Intelligently Absorbing PDFs into your PKM

I’ve been copying important documents into my vault’s PDF folder, but there are many times when I wish I had the markdown text file equivalent of that PDF instead.

I often start with this site to convert PDF to MD, grab the results, and paste that text into a new note. The problem is there’s A LOT of cleanup needed. That’s driven an unhealthy obsession with regular expressions, but that’s another story…

Sometimes I try Pandoc (where I’m a complete noob) and I get decent output, especially if I use Acrobat to wash the PDF into DOCX, then Pandoc to go from DOCX to markdown.

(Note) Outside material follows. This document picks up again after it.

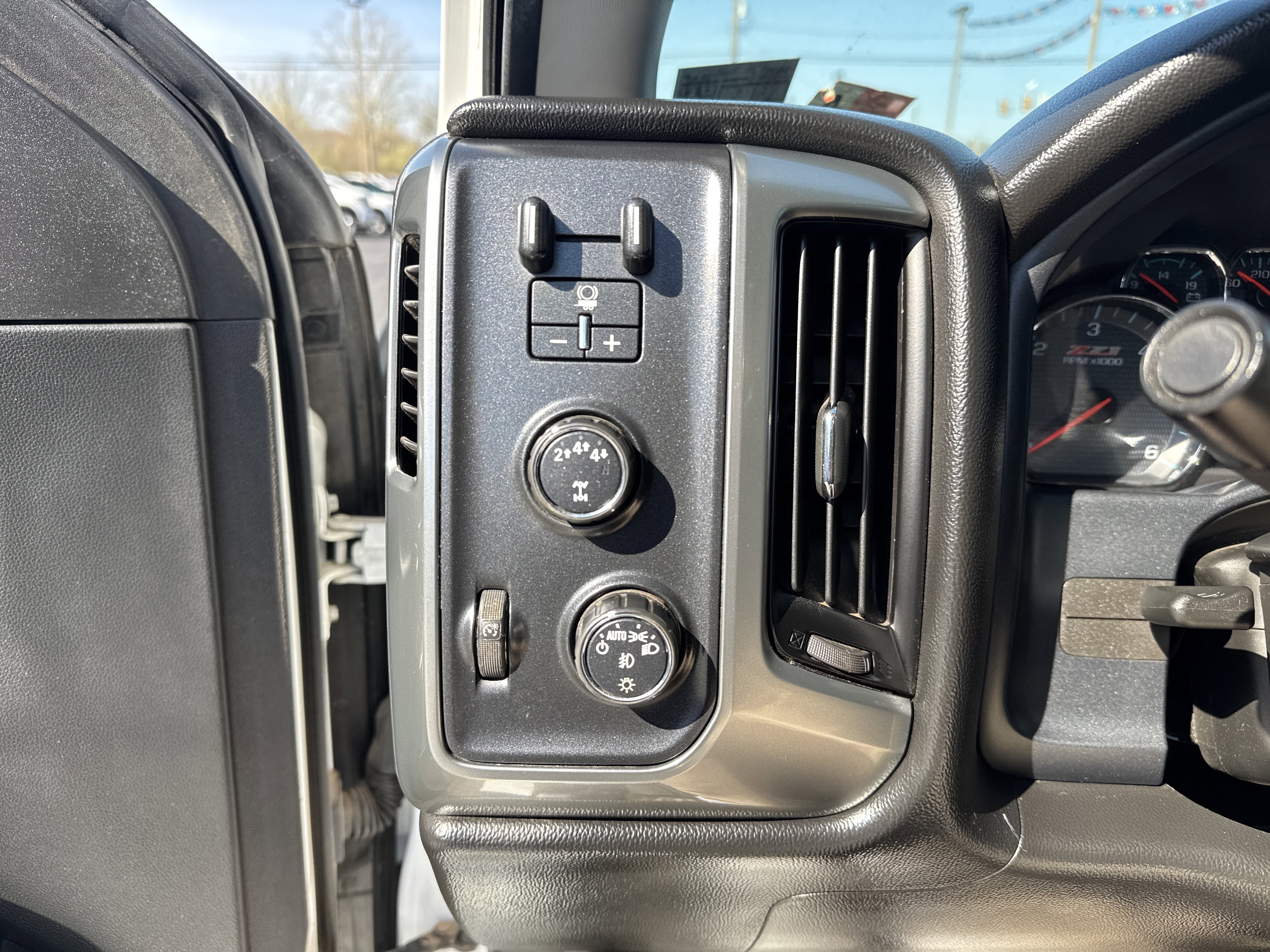 Used 2017 Chevrolet Silverado 2500 LT w/ Custom Sport Edition image 29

That seemed to work well, except tables come out horribly. I get lines with plus signs all over them instead of standard Obsidian markdown table syntax. In some cases I’m going to be responsible for editing/re-creating these documents, so it would make sense to create their markdown file equivalent.

  1. What do you do with PDFs? Keep them external and import the notes only?
  2. Run them through a customized PDF-to-markdown filter?
  3. Some other system?

i use the Zotero best practices workflow with zotfile, mdnotes, and working with the pdfs in zotero separately, but with the zotero links you can link directly to the pdf pages from obsidian as well. i personally prefer the separation of concerns. Reference management, and pdf’s in zotero, everything else in obsidian

3 Likes

This is great advice. “Dealing with” pdfs is something I’ve dealt with for years.

Hopefully someday, someone will develop a tool that can convert a flat, pdf or image, into fully responsive, searchable html. THe hard stuff though, is when text is on some kind of background, and you want to get that text, but also preserve the background.

THanks for the tips.